PROBLEM STATEMENT> Whatever appears in the records apart from pictures must be reproduced exactly.

EXTRACTED MATERIAL>
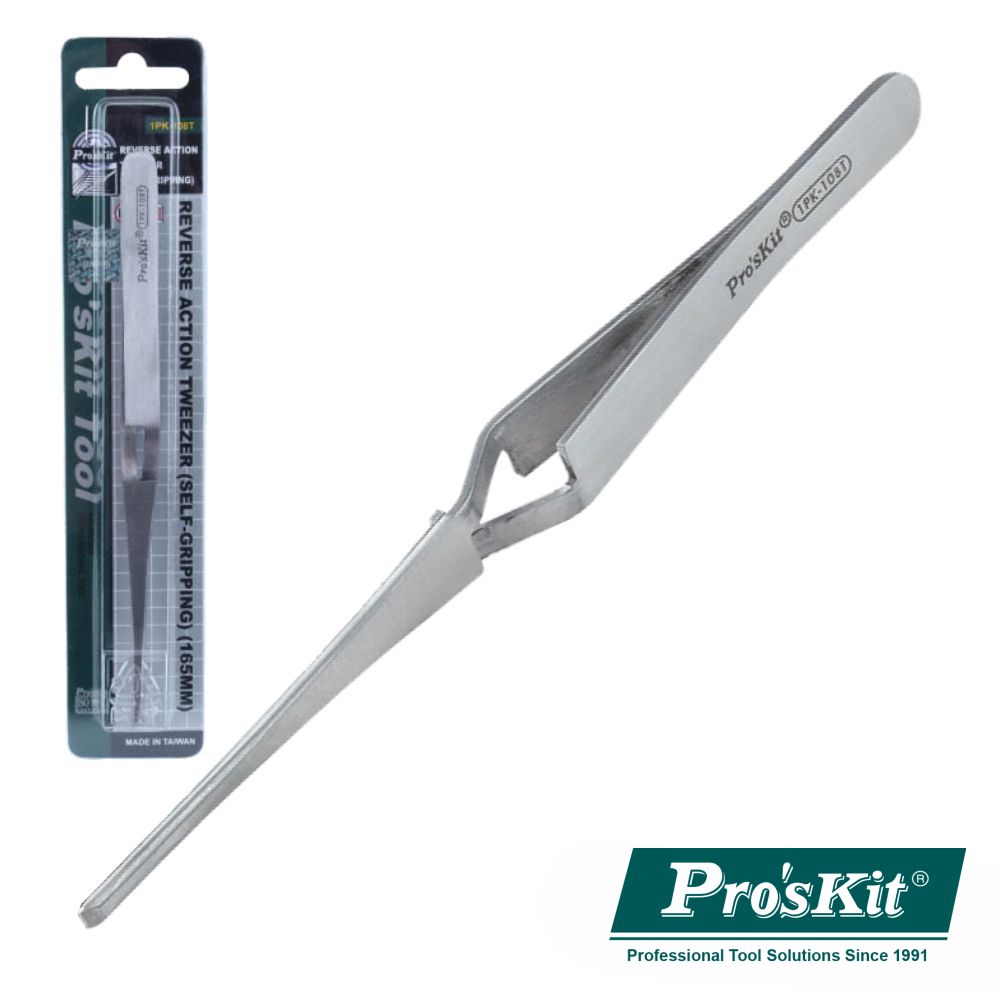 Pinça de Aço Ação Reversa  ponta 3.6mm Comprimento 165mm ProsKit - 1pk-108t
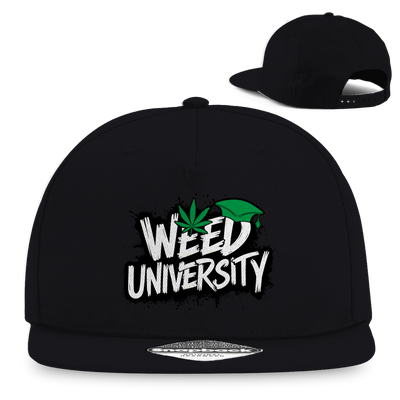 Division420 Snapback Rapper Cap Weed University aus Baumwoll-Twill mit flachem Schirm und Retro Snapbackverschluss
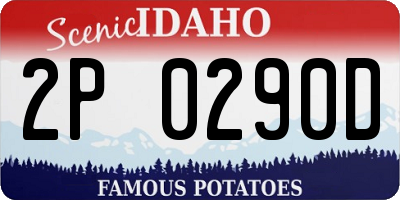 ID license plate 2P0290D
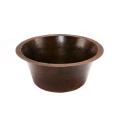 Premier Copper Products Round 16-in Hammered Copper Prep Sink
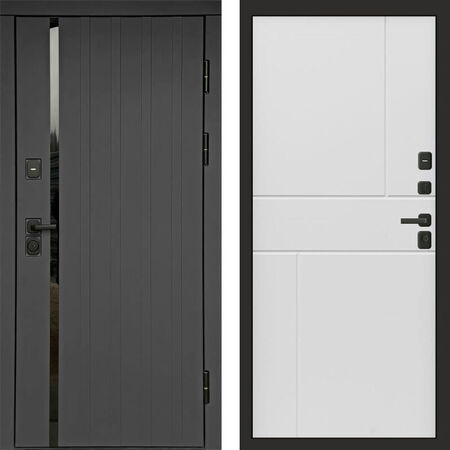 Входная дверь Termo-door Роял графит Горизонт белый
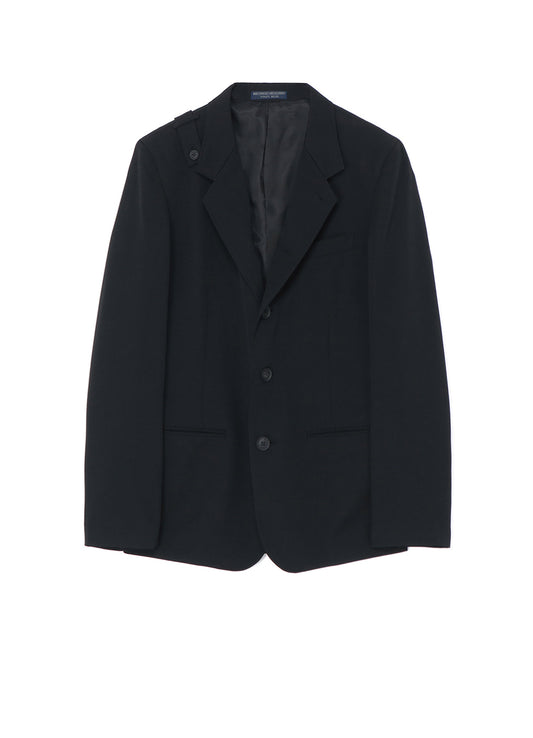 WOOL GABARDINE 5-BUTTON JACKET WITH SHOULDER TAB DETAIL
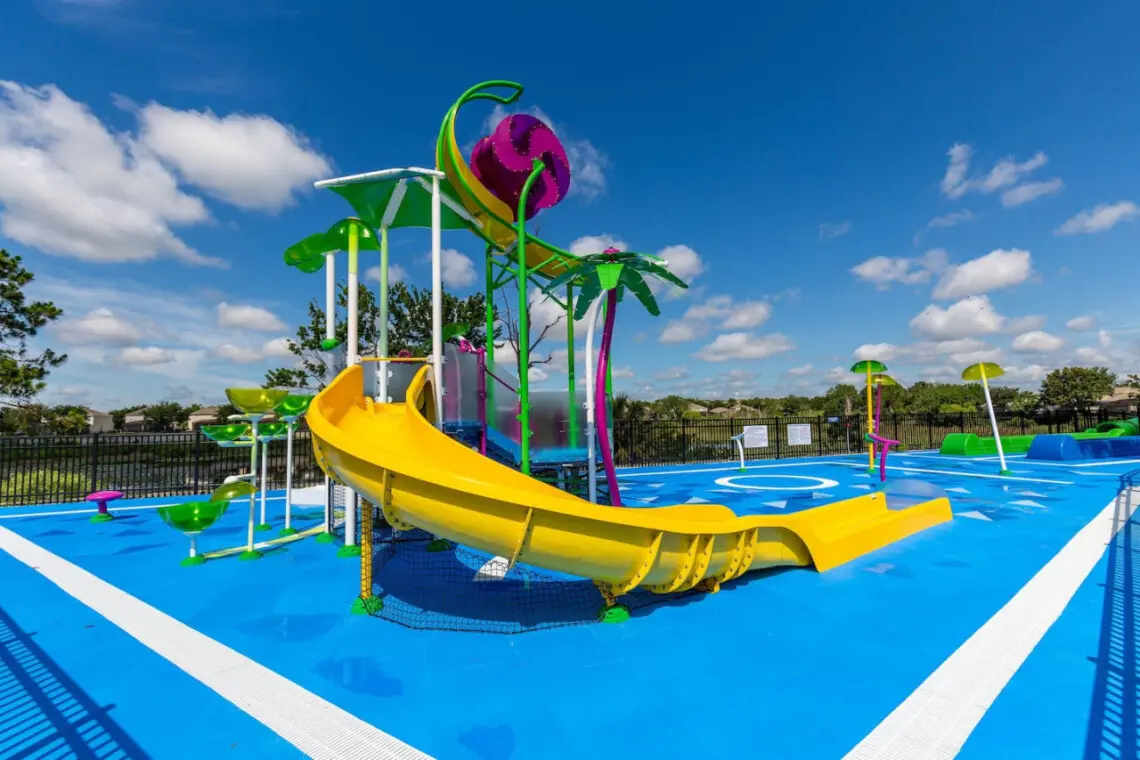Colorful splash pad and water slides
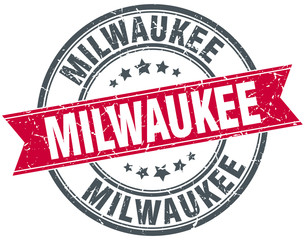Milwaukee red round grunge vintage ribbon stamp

ANSWER AREA>
 Pinça de Aço Ação Reversa  ponta 3.6mm Comprimento 165mm ProsKit - 1pk-108t
 Division420 Snapback Rapper Cap Weed University aus Baumwoll-Twill mit flachem Schirm und Retro Snapbackverschluss
 ID license plate 2P0290D
 Premier Copper Products Round 16-in Hammered Copper Prep Sink
 Входная дверь Termo-door Роял графит Горизонт белый
 WOOL GABARDINE 5-BUTTON JACKET WITH SHOULDER TAB DETAIL
Colorful splash pad and water slides
Milwaukee red round grunge vintage ribbon stamp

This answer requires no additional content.